Solved: iSCSI failover time with MPxIO

UNIXSYSV · ‎2019-10-28

Hi,

What kind of failover times should we expect to see when using a Solaris 11 host with iSCSi against a Cluster? During a test we had two active online paths and did a quick test to filter out all traffic to and from one ONTAP node at a time, we then had writes stall for over a minute before the other online path was used. Is it expected for MPxIO to handle the failure on Solaris or should the Initiator failover before that when we have more than one session?

Thanks

paul_stejskal · ‎2019-10-29

We cannot comment on specifics, but it should be robust enough I'd imagine.

Like I said before, a case might be better but at this point it would be good to have both vendors Solaris and NetApp engaged in a formal case. We are 95% sure this is all Solaris but it would be good to review storage logs and clear any storage issues out.

View solution in original post

TMACMD · ‎2019-10-29

Have ou checked you config against the Support Matrix (IMT) http://support.netapp.com/matrix ?

Looks like Solaris 11.2 and 11.3 do not fully support MPxIO and you should be on some version on 11.4.

paul_stejskal · ‎2019-10-29

Also, if we have any kind of software (HUK, DSM, etc.) for host side, usually it just sets timeouts. It really is dependent on yoru specific OS and what it is running. I would get to a supported configuration, and if you really want to take a look it's best to oepn a support case. iSCSI failover should not take that long, but that tells me that the host isn't configured right possibly, not storage.

TMACMD · ‎2019-10-29

according the IMT, MPxIO will not work correctly on versions prior to 11.4. Thats why I asked

It appears to be an issue on the Solaris side and nothing to do with the storage as you suspected.

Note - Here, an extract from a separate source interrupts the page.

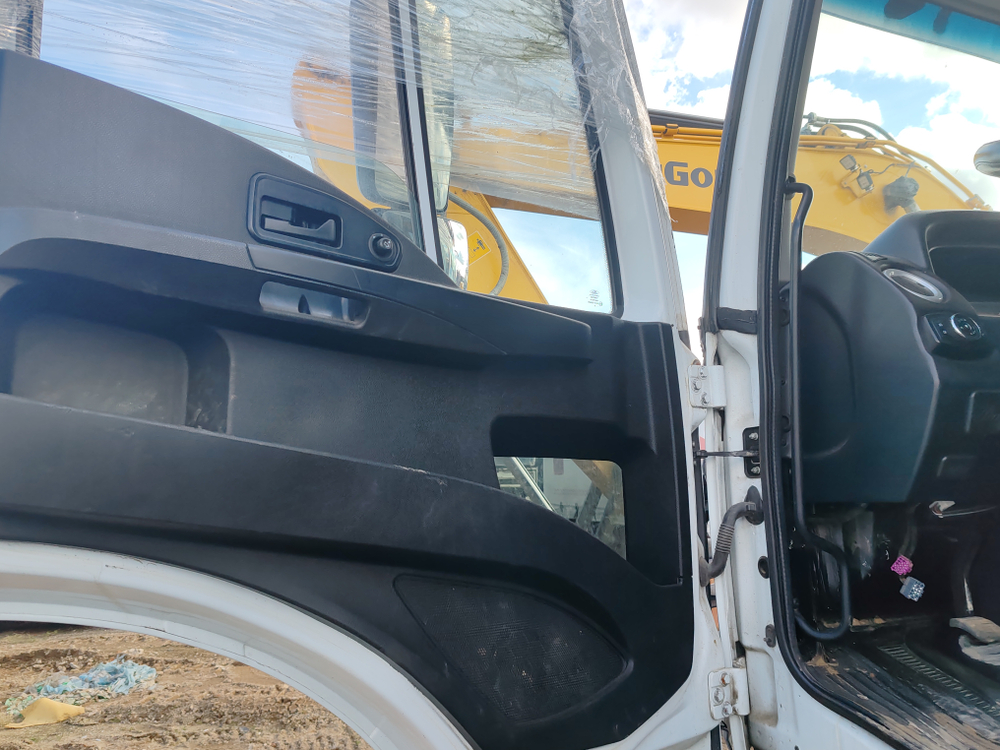 Ford Cargo 4x2 Седельный тягач Cargo (Дизельный, 12,7 л, 420 л.с., МТ)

paul_stejskal · ‎2019-10-29

Yes I saw. Thank you for the research.

UNIXSYSV · ‎2019-10-29

Thanks for the replies. I tweeked most on the Solaris side, host utilities settings applied, change timeout for the initiator etc but there are not that many things that can be changed. Tested both with a ZFS pool and with just a format inquery that was also hanging for a long time while MPxIO was fiuring things out.

But it should be faster than this, how fast should it be? Should it be the initiator that handles it first and then MPxIO takes the path offline once it has determined it as non functional?

paul_stejskal · ‎2019-10-29

We cannot comment on specifics, but it should be robust enough I'd imagine.

Like I said before, a case might be better but at this point it would be good to have both vendors Solaris and NetApp engaged in a formal case. We are 95% sure this is all Solaris but it would be good to review storage logs and clear any storage issues out.

UNIXSYSV · ‎2019-10-29

Ok, this is a Solaris 11.4 that was also patched to the latest (or perhaps the month before) SRU.